Cops allege dad uncoupled gas line then blew up home with his girlfriend and their three kids asleep inside

Residents who watched a family survive the 2022 explosion are now confronting allegations that the father caused it.

PLUM, Pa. — On Hialeah Drive, the house is gone. What remains is a vacant lot, a fence line and a block of neighbors still measuring time by the night a home exploded and sent a family of five into the street injured and screaming.

The filing of charges against Jacob Rabb in March gave that block its first clear official answer after nearly four years of waiting. Police said Rabb intentionally caused the April 22, 2022, natural gas explosion while he, Laura Petty and their three sons were inside. That allegation did more than start a criminal case. It changed the meaning of a neighborhood disaster, turning what many residents had remembered as a terrible mystery into an alleged act carried out inside a family home.

Neighbors remember the sound first. Then came the fire, the shattered debris and the rush toward the family’s property. Akil Washington, who lived nearby, said he ran to help after hearing screams. He later described trying to tear down a fence to reach Petty as flames spread. In those first minutes, the people on the block were not thinking about criminal motives or utility data. They were thinking about whether anyone was alive. All five family members survived, though the oldest boy, then 11, suffered first-degree burns after escaping from the basement through a window. The adults and the two younger children also got out of the home, but the structure itself was destroyed.
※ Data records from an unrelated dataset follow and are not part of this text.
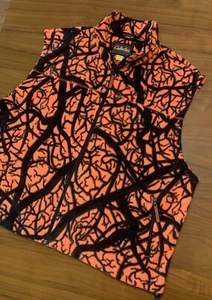 Cabela's Camouflage Hunting Vest Mens 3XL Full Zip Blaze Orange Brush Camo Game - Picture 1 of 16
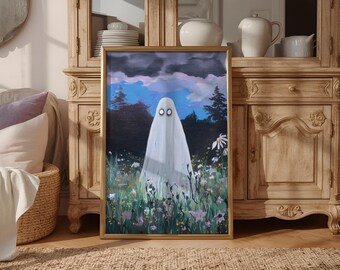 Spooky Ghost Wildblumenfeld Poster, Halloween Kunstdruck, unheimliches Home Decor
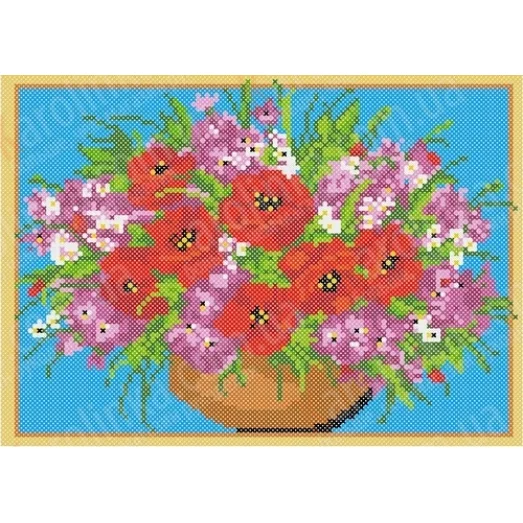 КБЦ-4014 Маки и сирень. Схема для вышивки бисером. Каролинка ТМ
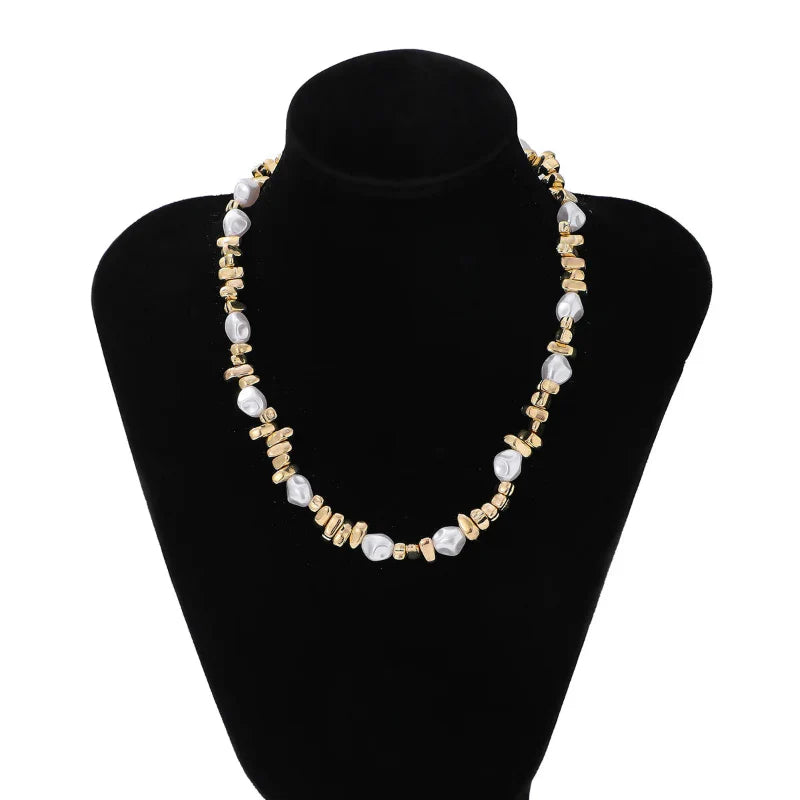 Pearl Pendant Choker Necklace for Women gold
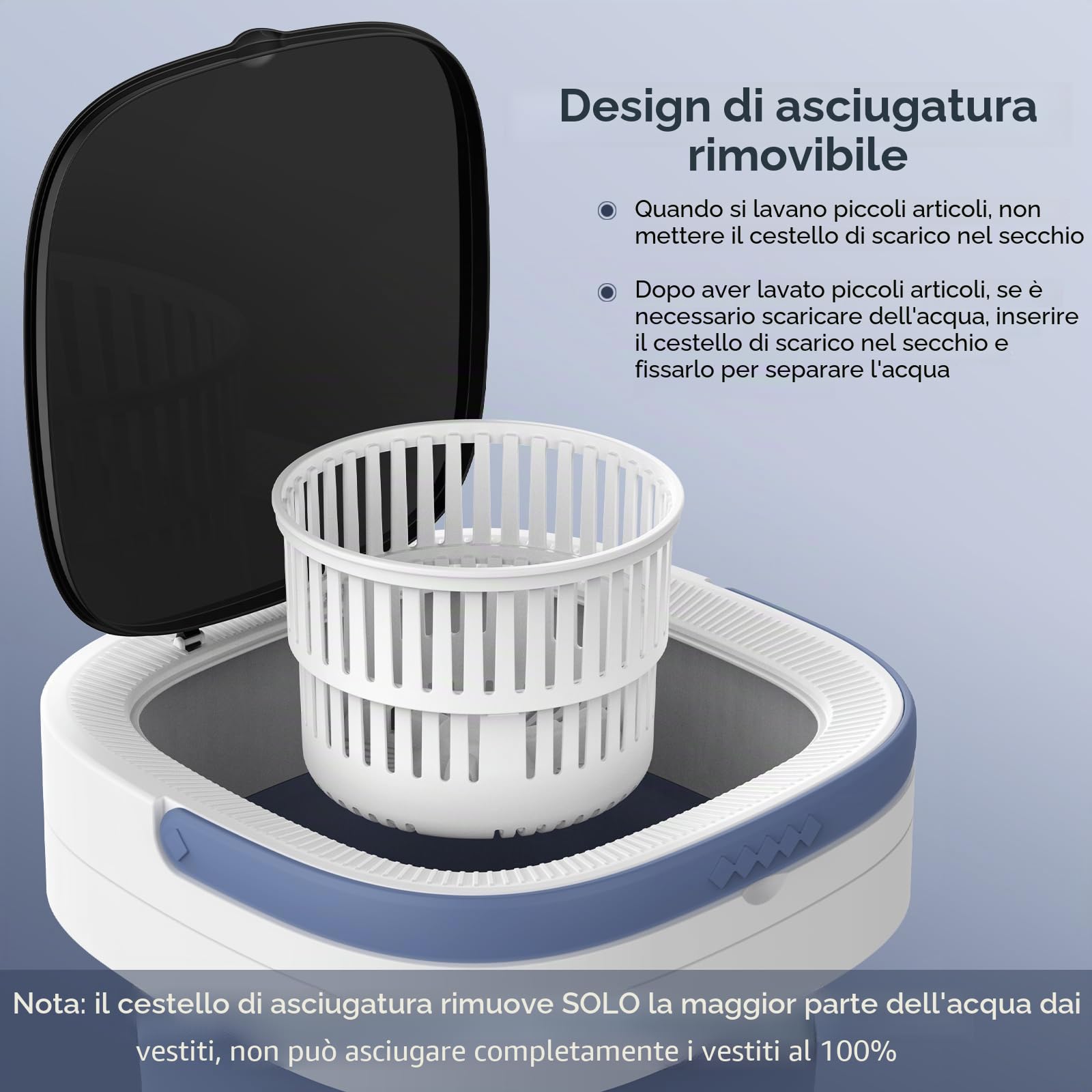 Lavatrice Portatile 12L Mini Con 3 Modalità di Pulizia Profonda, Aggiornata Piccola Con Cestello Centrifuga Rimovibile, da Campeggio Pieghevole per Appartamenti (Viola)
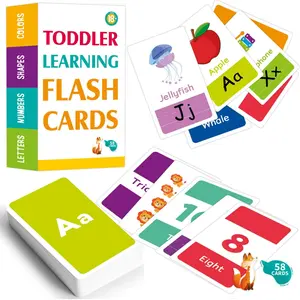 Alphabet Flash Cards for Toddlers, 58pcs/set Learn Letters, Colors, Shapes and Numbers, Educational Learning for Preschoolers, Early Learning for Toddlers, Visual Stimulation Cards, Word Cards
For a long time, the street was left with questions instead of conclusions. Emergency officials had said the investigation would take time because of forensic testing on gas lines and appliances and because interviews had to continue long after the fire was out. That drawn-out process mattered in Plum, a borough with painful memories of other house explosions. A 2008 blast on Mardi Gras Drive, also in Holiday Park, killed a grandfather and injured a child after pipeline damage led to a gas failure. In 2023, another catastrophic explosion elsewhere in Plum killed multiple people. Against that backdrop, the unsolved Hialeah Drive blast felt less like an isolated event and more like part of a larger local fear about homes, gas and sudden destruction.
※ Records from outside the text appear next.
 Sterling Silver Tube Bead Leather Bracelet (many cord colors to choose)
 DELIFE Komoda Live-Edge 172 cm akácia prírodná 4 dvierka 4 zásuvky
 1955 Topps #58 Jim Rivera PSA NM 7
Police now say the cause was not a pipeline failure outside the home but a gas release inside it. According to the criminal complaint, investigators found unusually high gas consumption at the residence on three separate days during the month of the explosion. They alleged Rabb manually disconnected the dryer’s gas connection on those occasions, including the day of the blast, and that a nearby furnace likely ignited the vapors. A deputy fire marshal concluded the fire stemmed from natural gas released through manual manipulation of a gas line. Those technical findings, officials said, were later reinforced by personal evidence: Rabb’s father told police that his son admitted causing the explosion, and Petty said she found handwritten notes in a kitchen cabinet after the couple split.

The notes became some of the most striking details in the case. One said in part, “If I can’t have her no one will or my kids…” Another said, “P.S. I did blow up the house.” By then, Petty had filed a Protection from Abuse order, and police said Rabb later violated it and threatened her with a knife. In that sense, the case did not stay confined to one fire scene. It grew into a wider account of a relationship breakdown, alleged threats and evidence that investigators say connected the family’s private conflict to a public explosion that rattled an entire neighborhood.

Rabb, 41, was charged with multiple counts of attempted criminal homicide, aggravated arson and related offenses. He was arraigned and held without bail. At the time of the filing, a preliminary hearing had been set for March 18. For neighbors, that court date represented something larger than a routine procedural step. It marked the point where years of talk, memory and suspicion were finally being tested in a courtroom instead of on front porches and sidewalks.

What stands on Hialeah Drive now is absence: no home, no family life behind the windows, only a cleared parcel and a case file that has begun to explain what happened there. The next stage belongs to the courts, but the block has already entered a new phase, one in which the disaster has a name, a defendant and a set of allegations that residents can no longer separate from the place itself.

Author note: Last updated April 6, 2026.